Required action » Your job is to return the whole listing unchanged while skipping its images.

Information shown »
*** Block opens ***
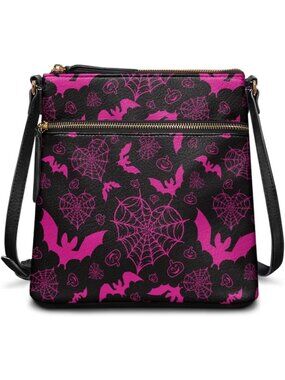 Womens Pink Bat Web Leather Large Hobo Sling Purse Cell Phone Crossbody Bag
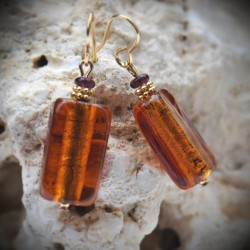 Boucles d'oreilles ambre italiennes en veritable verre de murano de venise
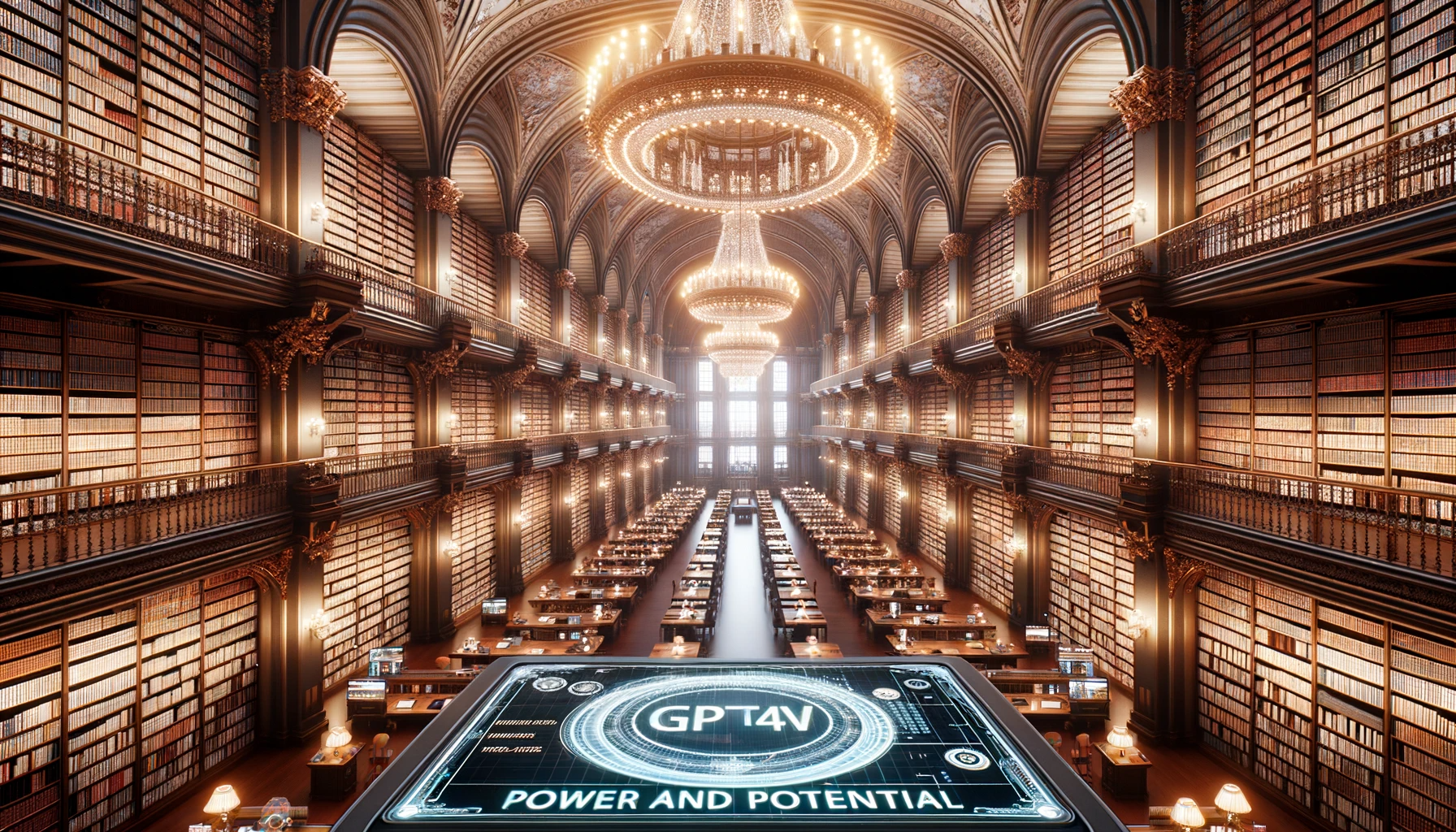 DALL·E 2023-10-07 14.33.58 - Photo of a majestic library with vast aisles of books, illuminated by a grand chandelier. In the foreground, a holographic display showcases the words.png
*** Block closes ***
Response area »
 Womens Pink Bat Web Leather Large Hobo Sling Purse Cell Phone Crossbody Bag
 Boucles d'oreilles ambre italiennes en veritable verre de murano de venise
 DALL·E 2023-10-07 14.33.58 - Photo of a majestic library with vast aisles of books, illuminated by a grand chandelier. In the foreground, a holographic display showcases the words.png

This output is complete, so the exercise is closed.